» Exercise objective
The response should repeat word for word every line below from the one with "Ảnh Nước cân" to the one with "Drawings and photographs", inclusive, and nothing else; leave pictures out.
:: Source records
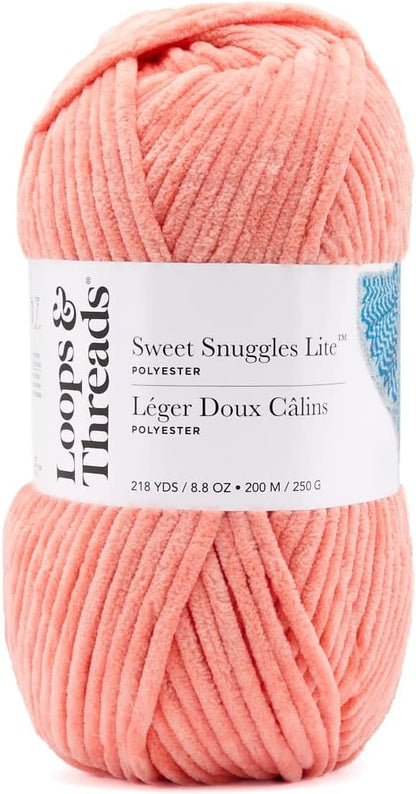 Peach Pink Sweet Snuggles Lite Yarn - Super Bulky Yarn for Knitting, Crochet, Weaving, Arts & Crafts, 12 Pack
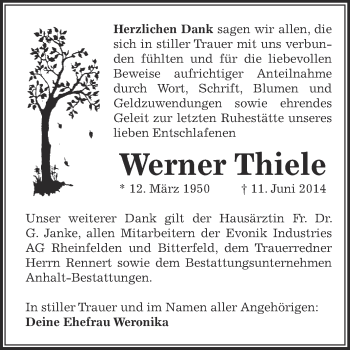 Traueranzeige von Werner Thiele von WVG - Wochenspiegel Bitterfeld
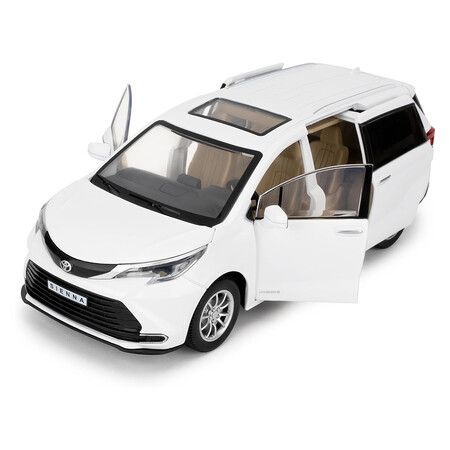 1:24 Compatible for Sienna MPV Car Model, Pull Back Diecast Toy Car with Sounds and Lights for Kids Boys Girls and Men Women, White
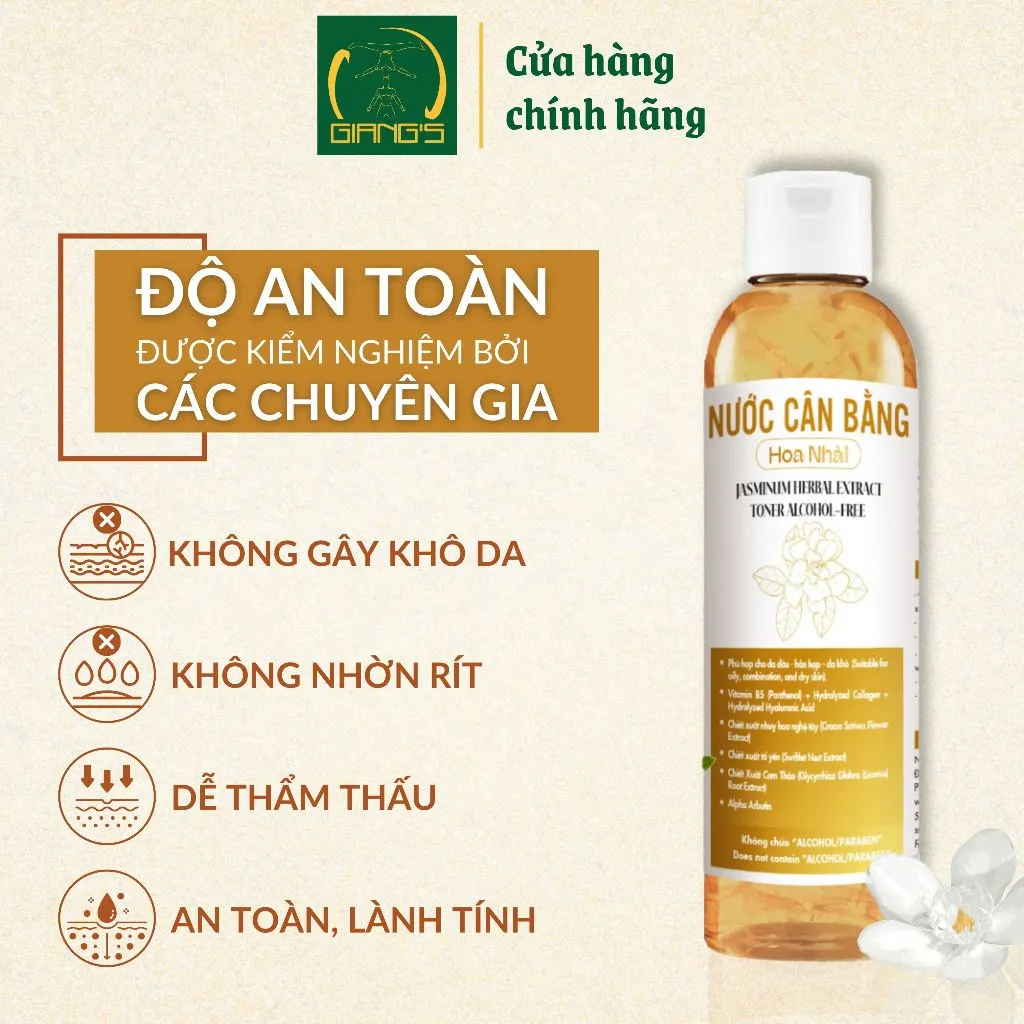 Ảnh Nước cân bằng (toner) giàu khoáng dành cho da hỗ hợp JASMINUM HERBAL EXTRACT TONER ALCOHOL-FREE 200ml - Giang's 1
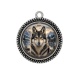 Pendentif Cabochon Argent - loup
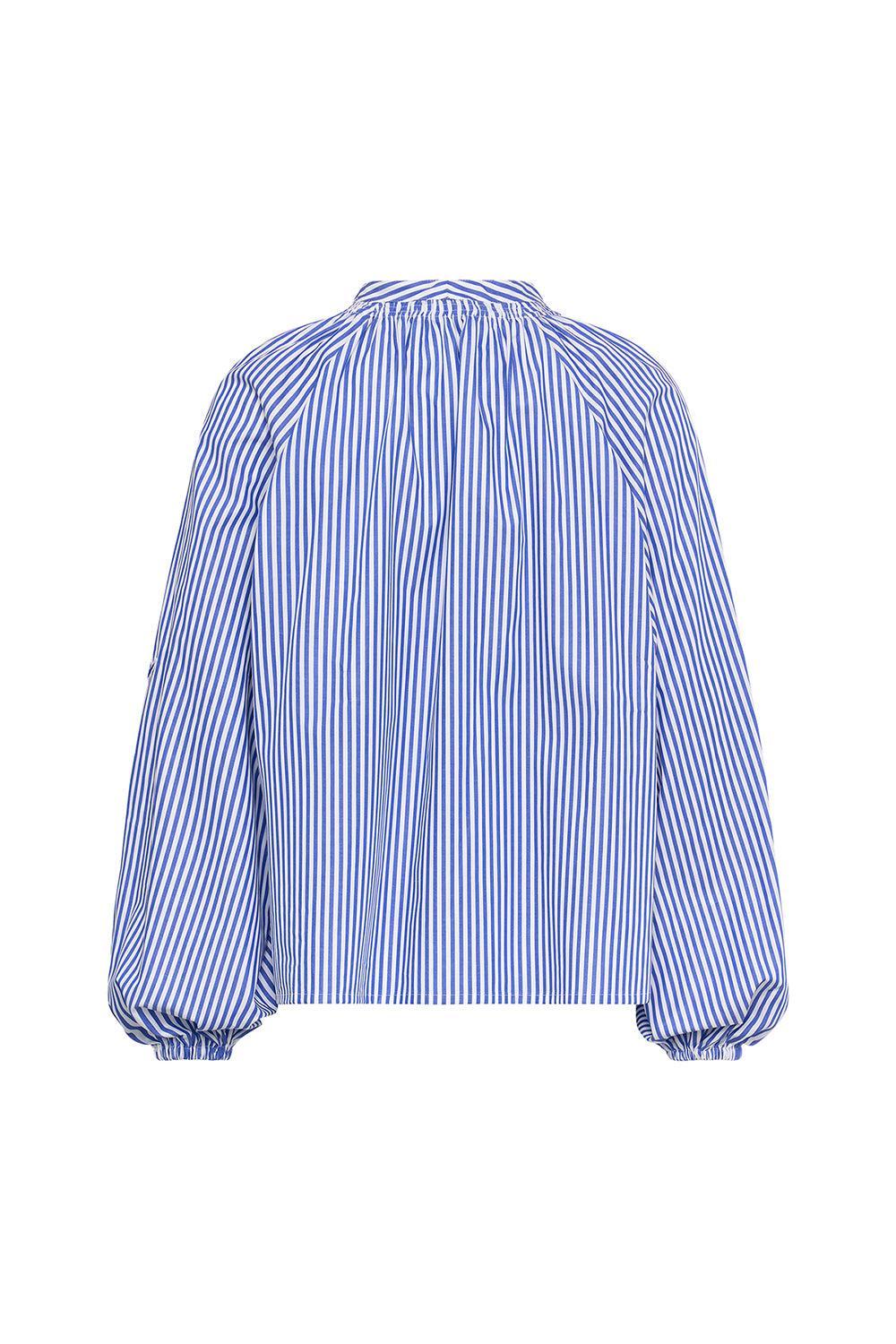 Emboidery Stripe Blouse-NVY/WHT-34-CLOTHINGTOPBLOUSE-MAISON COMMON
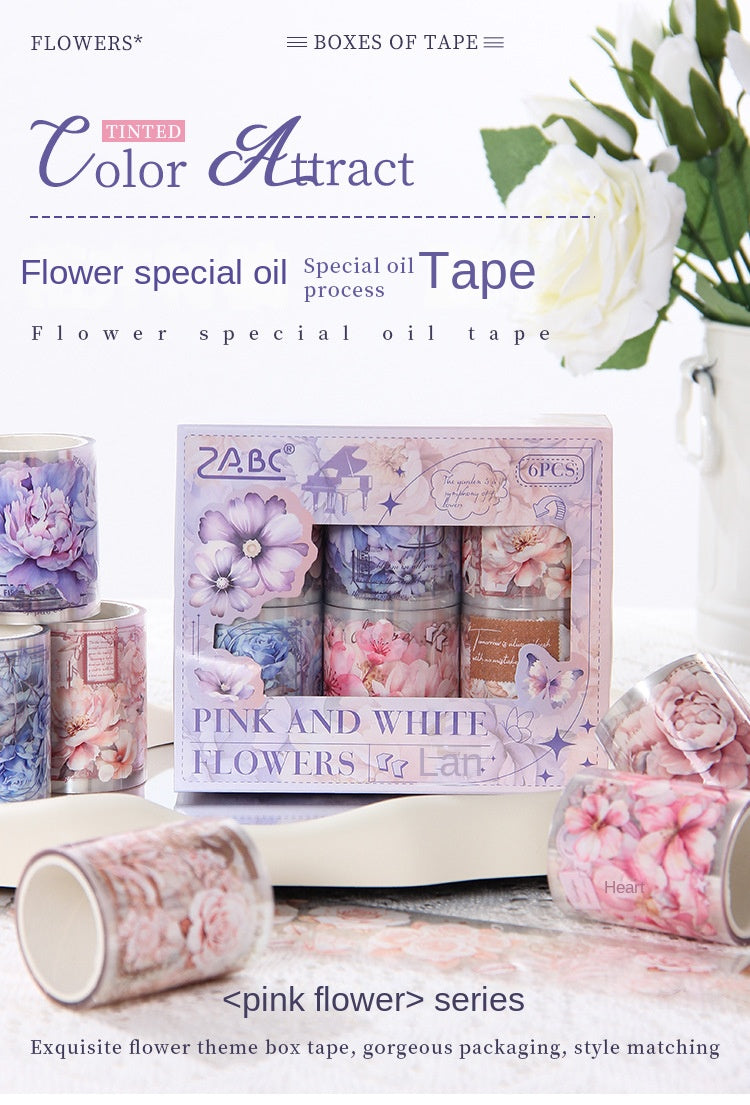 Pink and Delicate Flower Extra Oil-Resistant and Waterproof PET Tape Set, DIY Journal, Scenery Decoration Stickers, Romantic Floral Handmade Journal Stickers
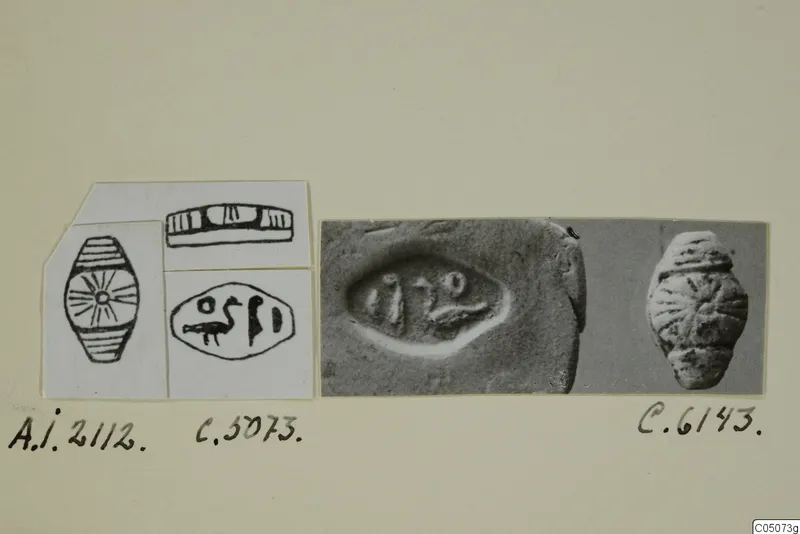 Drawings and photographs of seals and gems from Ayia Irini, mounted on a card
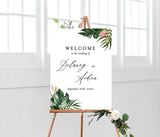 Tropical Greenery Wedding Welcome Sign | Printable Tropical Shower Poster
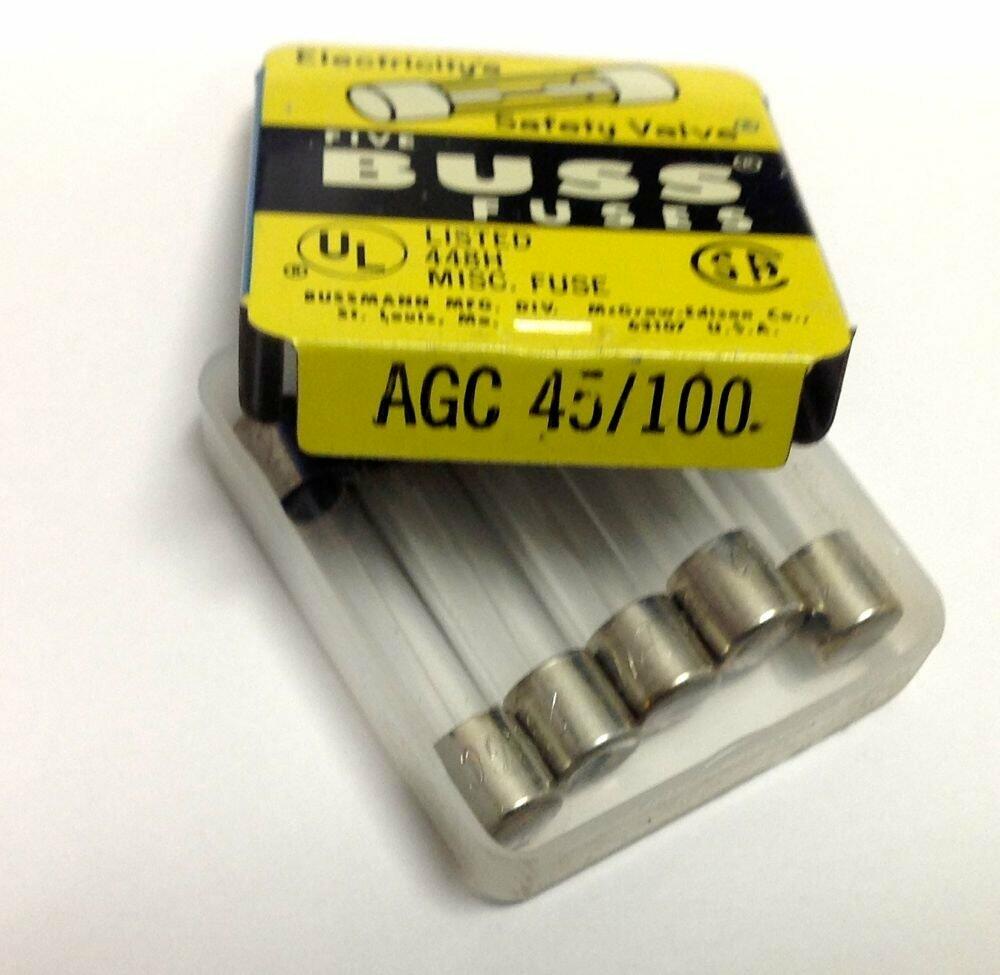Box of (5) Bussmann AGC 45/100 3AG 1/4" x 1-1/4" Fast acting Fuses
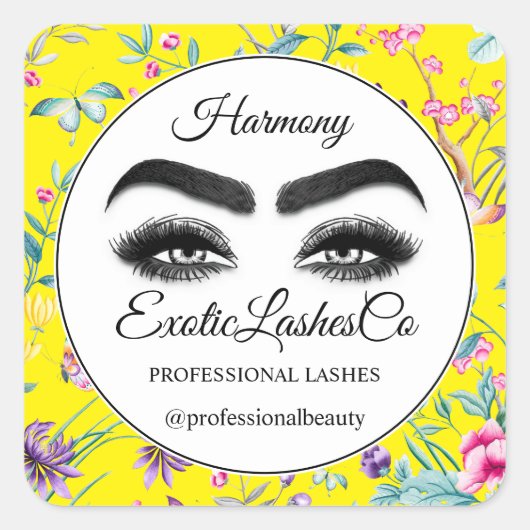 Makeup Eyelash Packung Reiniger Blumengelb Quadratischer Aufkleber (Vorderseite)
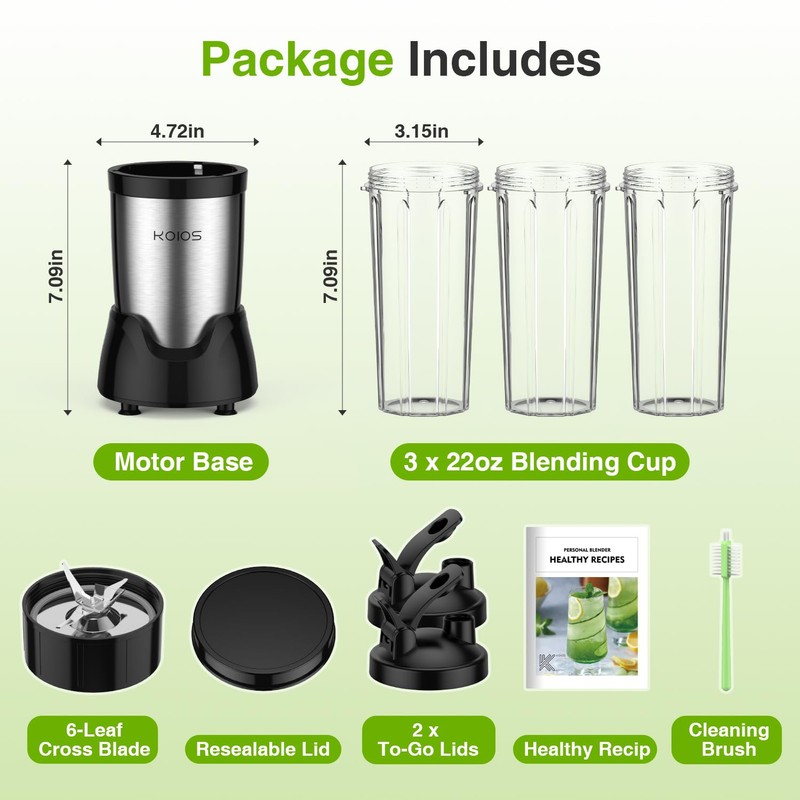 KOIOS Blender for Smoothies,Personal Blender for Shakes and Smoothies with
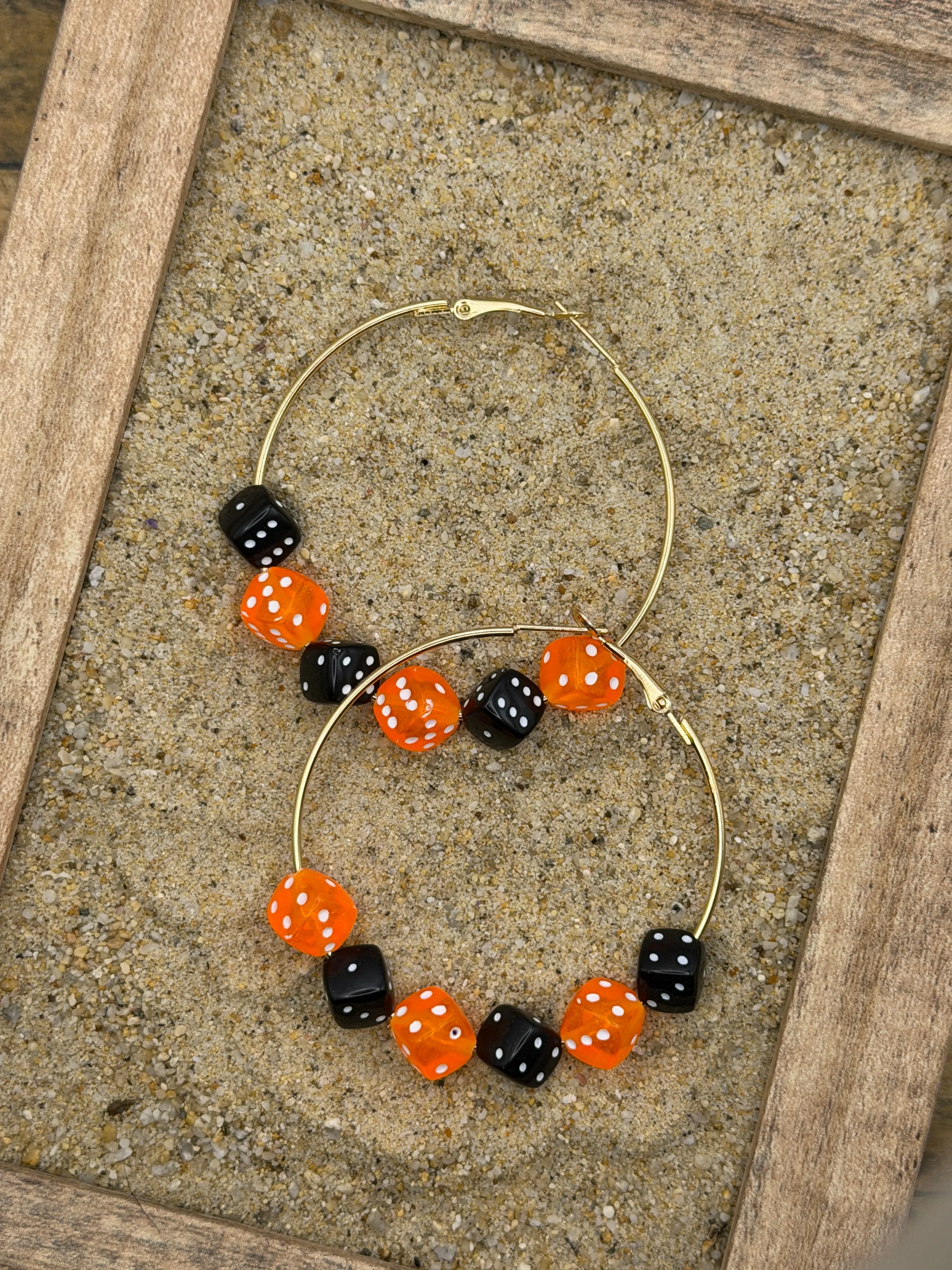 Salem - Orange and Black Dice Large Gold Tone Hoop Earrings sold by Modcloth product image thumbnail 3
::::
» Written solution
 Ảnh Nước cân bằng (toner) giàu khoáng dành cho da hỗ hợp JASMINUM HERBAL EXTRACT TONER ALCOHOL-FREE 200ml - Giang's 1
 Pendentif Cabochon Argent - loup
 Emboidery Stripe Blouse-NVY/WHT-34-CLOTHINGTOPBLOUSE-MAISON COMMON
 Pink and Delicate Flower Extra Oil-Resistant and Waterproof PET Tape Set, DIY Journal, Scenery Decoration Stickers, Romantic Floral Handmade Journal Stickers
 Drawings and photographs of seals and gems from Ayia Irini, mounted on a card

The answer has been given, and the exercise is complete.